Richard Osman’s hit series charms millions — but are the club really detecting? A closer look reveals secrets, confessions, and police help driving the mysteries.
Richard Osman’s Thursday Murder Club novels have become one of the biggest hits in modern crime fiction, blending cozy mystery conventions with humor and poignancy. With the newest installment, The Impossible Fortune, due out in just two days (September 25), it’s a good moment to reflect on how the series actually works.
Because there’s an interesting question lurking in the background: how much actual detection do Elizabeth, Joyce, Ibrahim, and Ron really perform? Do they solve murders in the classic style of Sherlock Holmes or Miss Marple, piecing together tiny physical clues and making leaps of deduction?
Think of Holmes in Silver Blaze, noticing a spent match and a stub of candle in the mud, and realising the trainer was trying to examine the horse’s leg in secret before being fatally kicked. Or Poirot in Evil Under the Sun, catching the faint scent of perfume at the crime scene.
These are the small, sensory or logical hinges – footprints and fingerprints, yes, but also a scent, a misspelling, or a disguised voice – on which classic detection often turns.
Looking across the four novels, a pattern emerges. The club are terrific at talking to people, building relationships, and gently (or not so gently) nudging others into revealing their secrets. What they don’t often do is use observation, inference, or their five senses to uncover subtle truths. Instead, Osman advances his plots through confession, coincidence, or official help from the police.
Book One: The Thursday Murder Club
In the series debut, the group investigate the murder of a property developer and the long-buried case of a skeleton under the cemetery. The big revelations don’t come from Elizabeth spotting a stray clue or Joyce noticing a subtle inconsistency.

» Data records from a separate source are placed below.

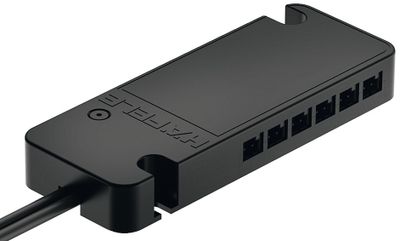 LED RF-ontvanger 6 kanaals premium 12V voor witte LED lampen met 2x 1 m aansluitnoer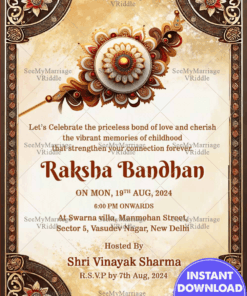 Ties That Bind - A Raksha Bandhan Celebration Card
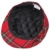 Lierys Tartan Schottenkaro Flatcap Schirmmütze für Damen Herren Schiebermütze Schirmmütze mit Schirm, mit Futter Winter Sommer (58 cm - rot) - 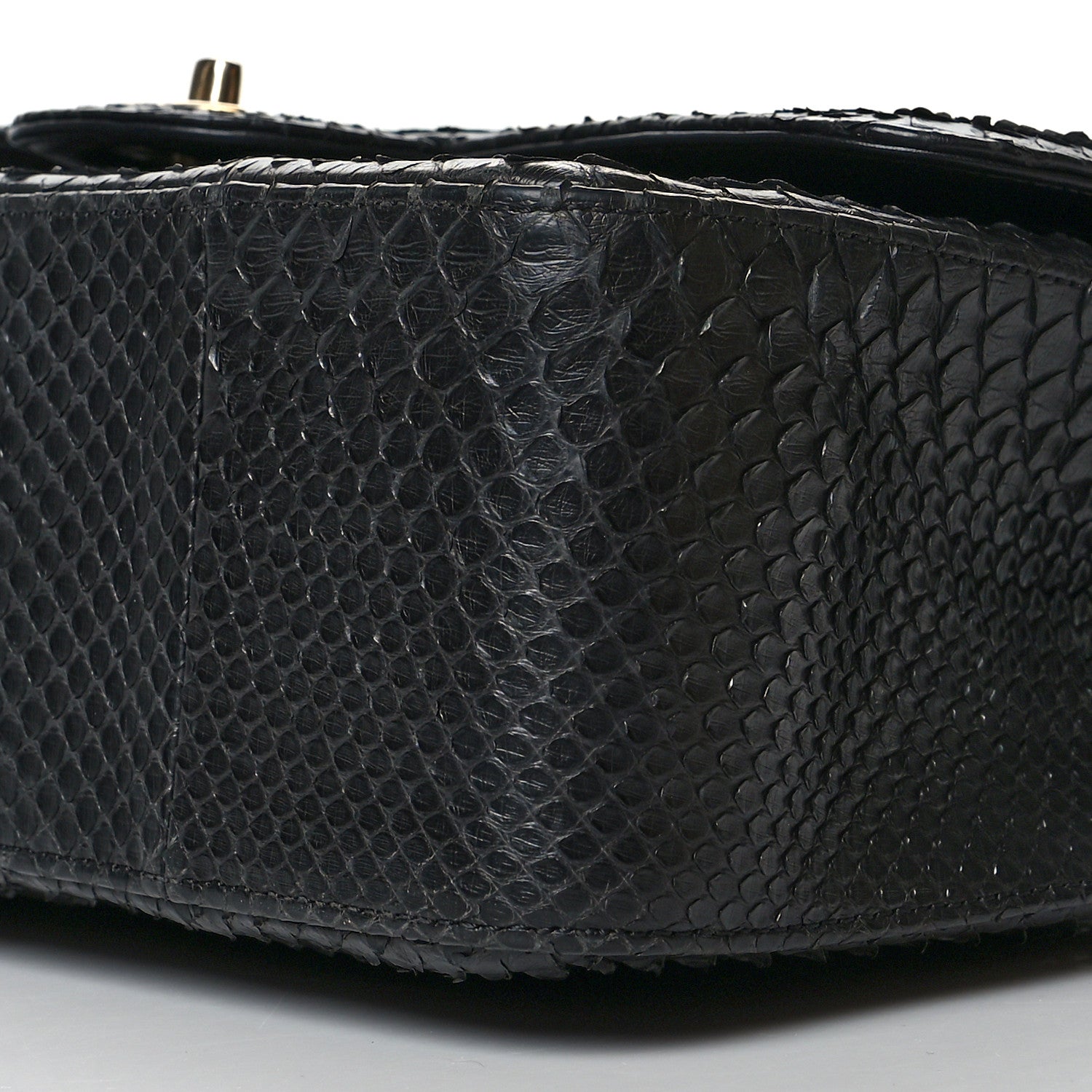 Chanel Snakeskin Jumbo Double Flap Black 10 of 14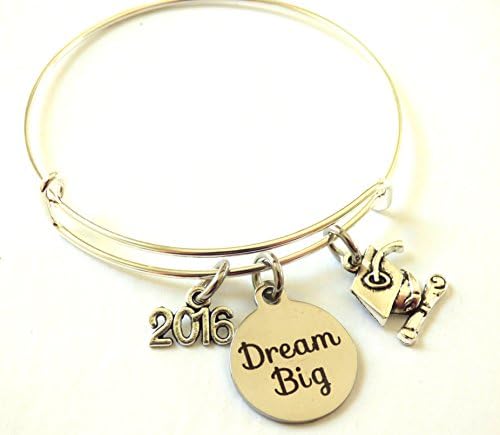 Dream Big 2016 Graduation Adjustable Bangle Bracelet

Instead, suspects confess or reveal things when pressed. Much of the legwork is provided by the police – Chris and Donna are unusually willing to hand over case files and even invite the retirees to pore over witness statements. The final solution relies less on deduction than on characters telling their stories when confronted.

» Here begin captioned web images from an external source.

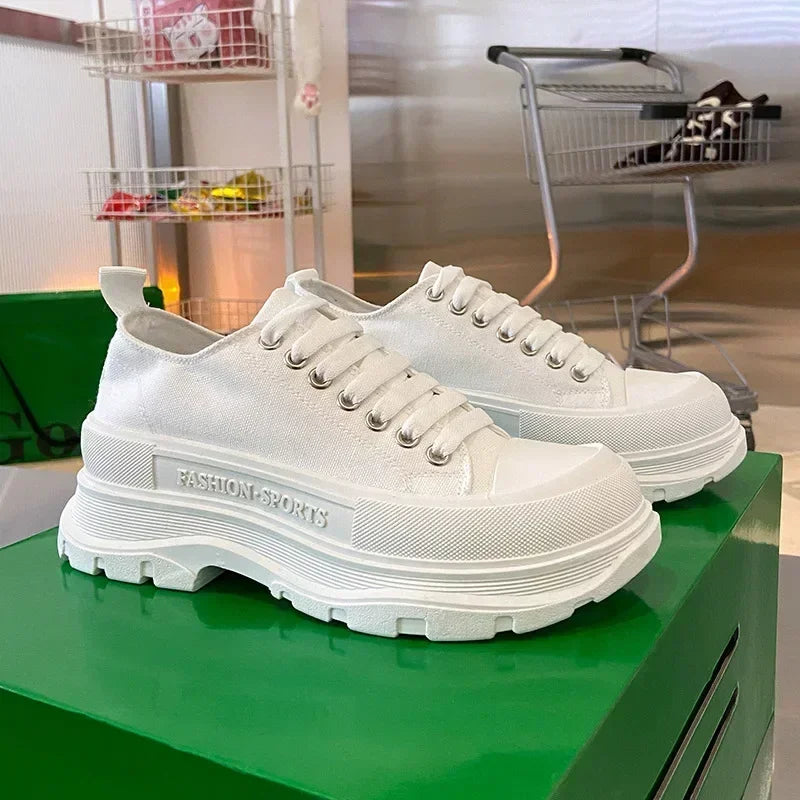 Women/Man Boots  New Thick Soled Canvas Shoes Couple's Casual Shoes Height Increasing Comfort Non Slip Outdoor Boots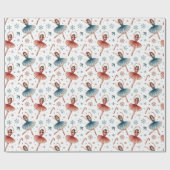 Nutcracker Ballet Weihnachten Geschenkpapier (Flach)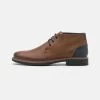 Prix Ourlé Pier One LEATHER - Chaussures à lacets derbies, richelieus & chaussures bateau rond homme -Pas Cher Pier One Boutique 979060ff995a4259aec15c8945e6d1ac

Book Two: The Man Who Died Twice
The sequel brings in Elizabeth’s past life in intelligence. Again, rather than a trail of clues leading to the solution, information arrives in parcels. Elizabeth’s old contact supplies background, the villains blunder into view, and confessions fall out under pressure.
The club do some clever coordinating – organizing meetings, tracking people down, making the right phone calls – but the mystery is rarely solved by classical inference. Even the subplot about stolen diamonds depends on people volunteering information or being maneuvered into revealing it, rather than the club deducing their location from tiny sensory or logical details.
Book Three: The Bullet That Missed
Here the club tackle the supposed murder of a television presenter. Once again, the key movements of the plot don’t hinge on sleuthing in the Holmesian sense. The “victim” turns out to have faked her death — a revelation that emerges from testimony rather than deduction.
The club are at their best when interrogating, charming, or bluffing their way into answers. Ibrahim’s cautious questioning style, Joyce’s diary-like narration, and Elizabeth’s ability to intimidate all serve as levers to open people up. But the case doesn’t depend on noticing a perfume, a changed accent, or a smudge of ink — instead, the truth gradually unfolds because people choose to tell them.
Book Four: The Last Devil to Die
The retirees are again at the heart of events, but the mechanics are similar: the police provide access to documents, gangsters explain themselves under pressure, and suspects are eventually unmasked through confession or confrontation.
So What Does This Mean?
Osman’s sleuths are not classic detectives in the Marple or Holmes mold. They don’t scrutinize cigar ash, catch a forged note by its spelling, or identify a culprit by the trace of a distinctive scent; their real strength is social: they get people talking.
They are non-threatening, disarming, or in Elizabeth’s case, terrifyingly direct. The novels succeed not because the Club out-deduce everyone else, but because they create situations where secrets come spilling out.
That is not a flaw — it’s part of the charm. Osman isn’t writing puzzles for the armchair logician; he’s writing character-driven mysteries where warmth, wit, and human connection matter more than pipe-smoke deduction. But for readers who love classical detection, it’s worth noticing: in these enormously popular books, the mystery is solved less by clues than by conversations.
And perhaps that’s a gentle reminder to me, too: my own Jessica Harper mysteries can always work a little harder at detection in the truest, classic sense.